▸ **Source data**
........
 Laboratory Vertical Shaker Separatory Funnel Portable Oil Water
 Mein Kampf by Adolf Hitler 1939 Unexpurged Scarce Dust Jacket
........
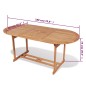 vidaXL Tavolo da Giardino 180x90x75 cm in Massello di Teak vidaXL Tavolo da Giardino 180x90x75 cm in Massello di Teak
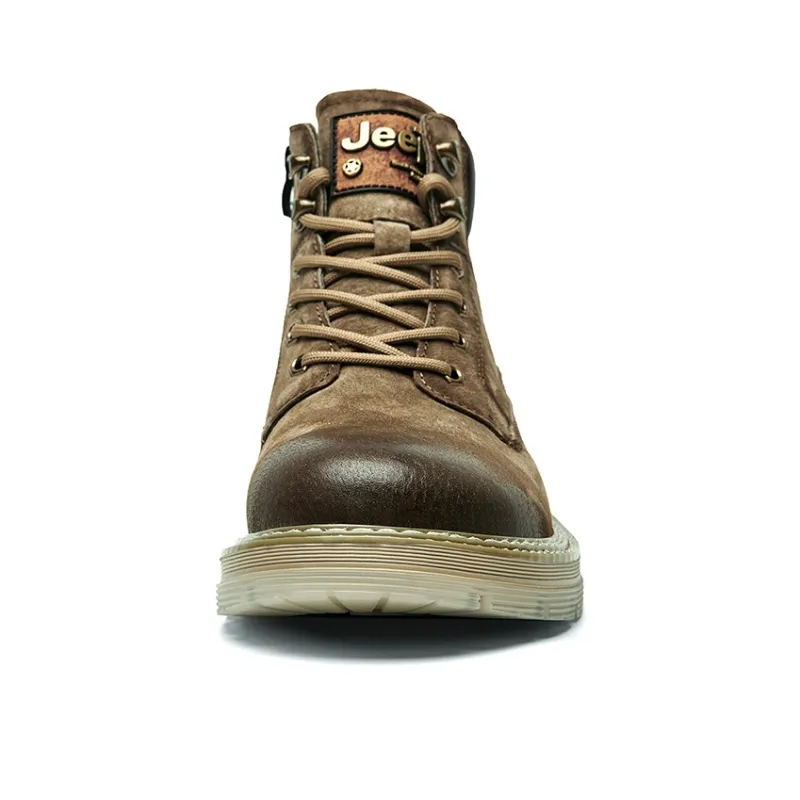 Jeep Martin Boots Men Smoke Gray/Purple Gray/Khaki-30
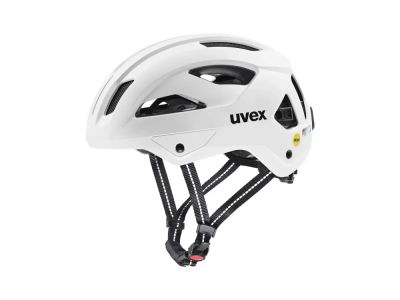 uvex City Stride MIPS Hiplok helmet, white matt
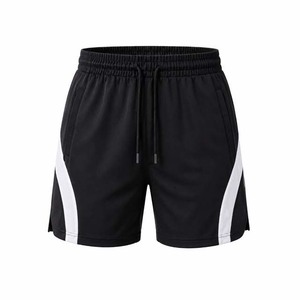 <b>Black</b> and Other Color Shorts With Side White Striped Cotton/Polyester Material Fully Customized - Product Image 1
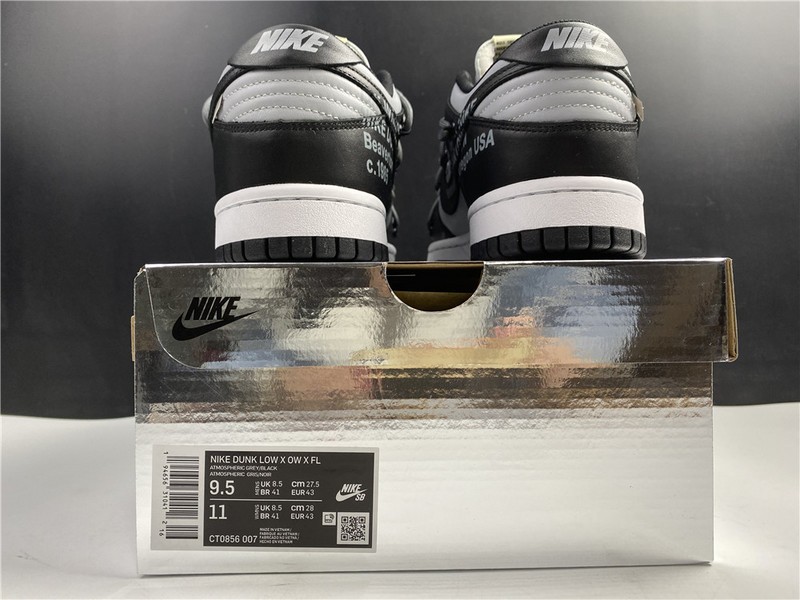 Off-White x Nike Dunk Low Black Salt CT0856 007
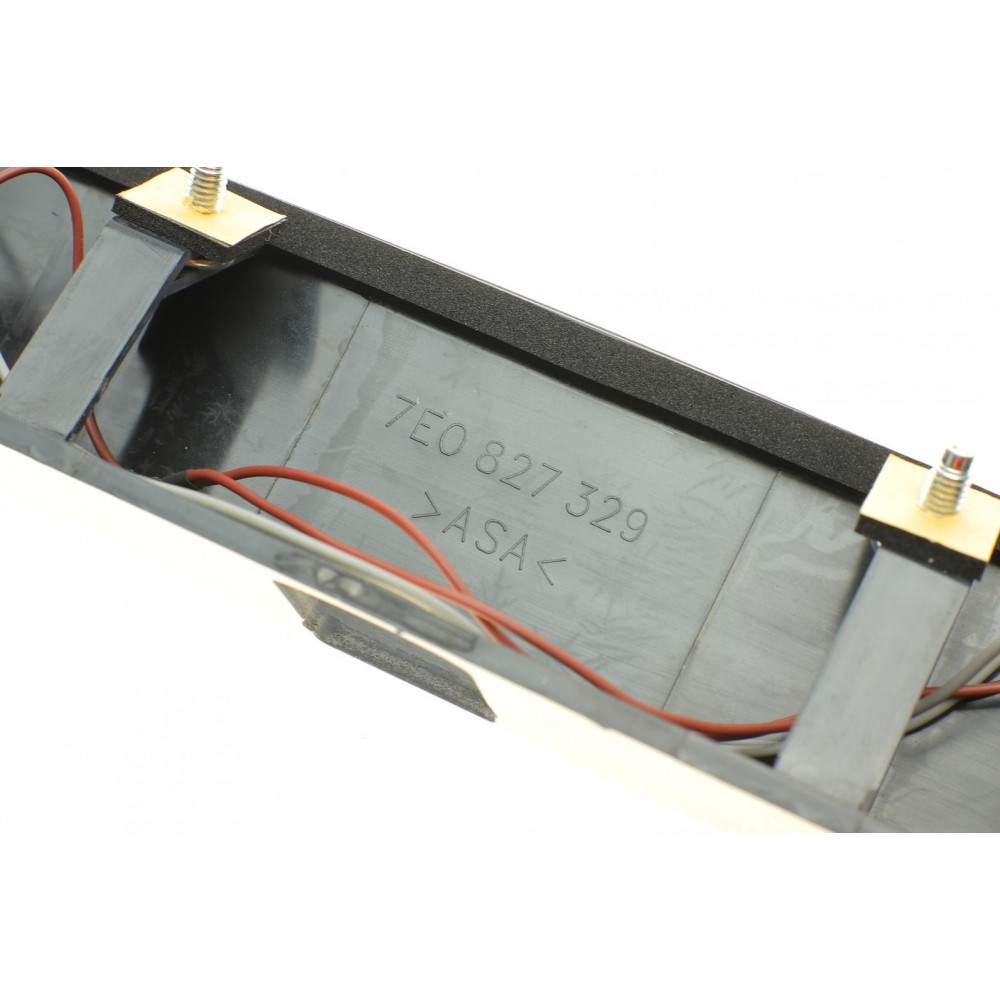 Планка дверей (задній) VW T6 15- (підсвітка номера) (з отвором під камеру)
........
▸ **Task to complete**
From the data above, return exactly the lines from the one with "di Teak vidaXL" up to and including the one with "uvex City Stride". Pictures do not go in the copy.

▸ **Output of the exercise**
 vidaXL Tavolo da Giardino 180x90x75 cm in Massello di Teak vidaXL Tavolo da Giardino 180x90x75 cm in Massello di Teak
 Jeep Martin Boots Men Smoke Gray/Purple Gray/Khaki-30
 uvex City Stride MIPS Hiplok helmet, white matt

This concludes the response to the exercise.